The Strategic Petroleum Reserve page on the energy.gov website links to a window showing updates about the current inventory. At the time of writing, the most recent update of the chart was March 25, 2022. It shows a total of 568.3 million barrels -- much more than the 180 million barrels Biden authorized to be released over the next six months. The meme misrepresents this as "sucking the Strategic Oil Reserve Dry."
(Image source: spr.doe.gov screenshot taken on Mon Apr 04 20:13:30 2022 UTC)
Because the meme lacks a source for the figure $.014, the second part of the statement is difficult to address directly. Lead Stories referenced the National Average Gas Prices chart on aaa.com. It is possible the meme has an error in the decimal point, and the intention was to say $.14 (or 14 cents). Between the all-time high average price per gallon of regular gas ($4.331 on March 11, 2022) and the average price of regular gas when the meme was posted ($4.192 on April 3, 2022) the average price of a gallon of gas fell $.139 -- almost 14 cents. Although this possible explanation of a decimal place error does find a similar number, it does not make sense as most of that price drop happened before Biden's announcement.

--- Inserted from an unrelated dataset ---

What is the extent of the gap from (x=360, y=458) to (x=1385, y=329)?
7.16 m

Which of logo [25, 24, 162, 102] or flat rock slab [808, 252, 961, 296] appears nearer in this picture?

The average price of a gallon of gas had already fallen $.106 (10.6 cents) from the record high to the day of the announcement (archive of 03/31/22 AAA average gas price chart).
The average price drop between the announcement ($4.225) and the day the meme was posted ($4.192) -- is $.033 (3.3 cents). This is more than twice the $.014 in the meme, and only represents the first three days since the announcement of an 180-day plan. It is simply too early to say how much gas prices will change as a result of drawing from the SPR. Responding to a question from the press after his announcement, Biden said he anticipated that there would be a slight delay before the prices at the pump were lower:
And there's going to be a slight delay, because if you go out there and you're a gas station and you purchased X amount of gas at a certain price, you're not going to lower the price of the pump until you're able to get back what you invested. And that -- I'm talking a matter of, I think, you know, days and weeks. But it's hard to tell.
And the other thing is -- exact. But it will come down. And it could come down fairly significantly. It could come down the better part of -- you know, anything from 10 cents to 35 cents a gallon. It's unknown at this point.